=== Source data ===

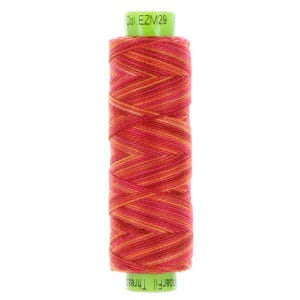 May include: A spool of thread with a vibrant mix of orange, pink, and yellow hues. The thread is tightly wound, creating a textured appearance. The spool has green end caps with the text "Col. EZM29" and "UnderFill Thread".
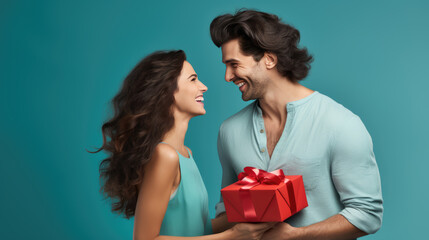 Canvas Print - Cheerful man and woman closely facing each other, smiling joyfully while holding a red gift between them.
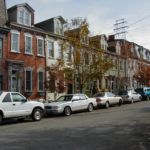 Row of residential houses with parked cars along the street, representing a neighborhood in Pittsburgh's Spring Garden area, relevant to roofing and wildlife protection tips.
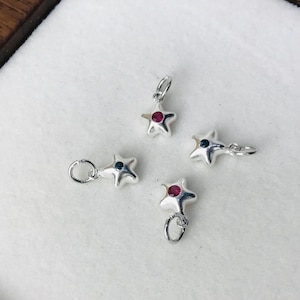 May include: Four small silver star-shaped charms, each featuring a single embedded gemstone. Two charms contain a vibrant red stone, while the other two charms feature a dark blue stone. Each star charm includes a small circular jump ring for attachment.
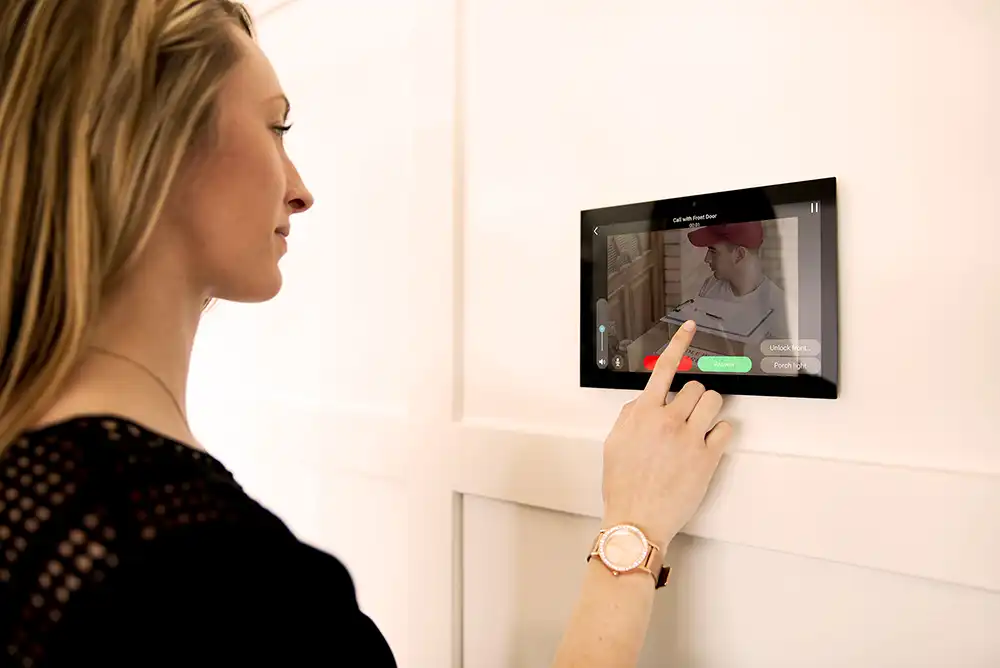 A woman is using a touch screen on a wall of a Chicago North Shore home.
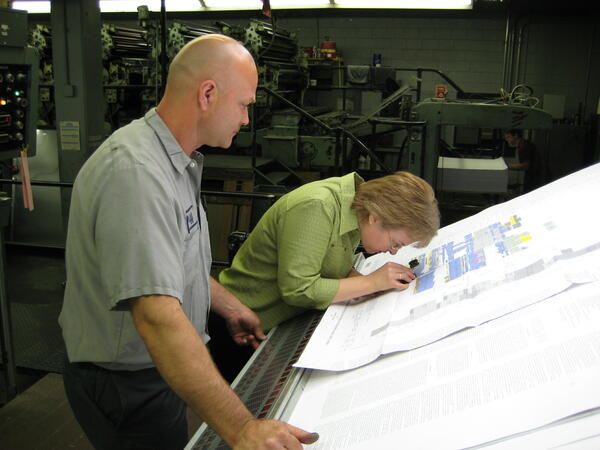 Linda Masonic inspecting map before printing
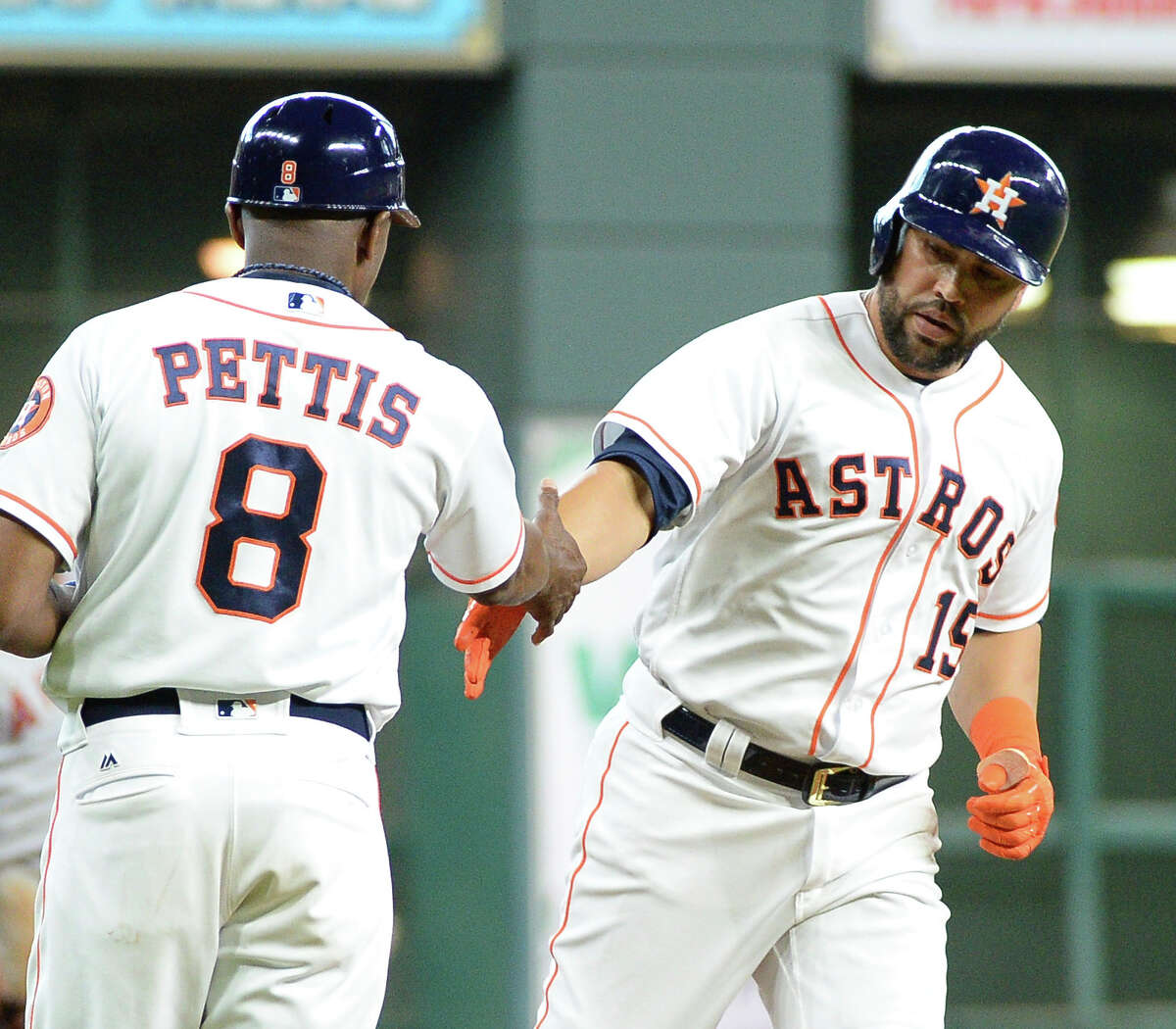Houston Astros' Carlos Beltran (15) is congratulated by third base coach Gary Pettis after hitting a solo home run against the Los Angeles Angels in the first inning Thursday in Houston.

===

### Task objective:
Copy the data word for word, no pictures.

### Result below:
 May include: A spool of thread with a vibrant mix of orange, pink, and yellow hues. The thread is tightly wound, creating a textured appearance. The spool has green end caps with the text "Col. EZM29" and "UnderFill Thread".
 Canvas Print - Cheerful man and woman closely facing each other, smiling joyfully while holding a red gift between them.
 Row of residential houses with parked cars along the street, representing a neighborhood in Pittsburgh's Spring Garden area, relevant to roofing and wildlife protection tips.
 May include: Four small silver star-shaped charms, each featuring a single embedded gemstone. Two charms contain a vibrant red stone, while the other two charms feature a dark blue stone. Each star charm includes a small circular jump ring for attachment.
 A woman is using a touch screen on a wall of a Chicago North Shore home.
 Linda Masonic inspecting map before printing
Houston Astros' Carlos Beltran (15) is congratulated by third base coach Gary Pettis after hitting a solo home run against the Los Angeles Angels in the first inning Thursday in Houston.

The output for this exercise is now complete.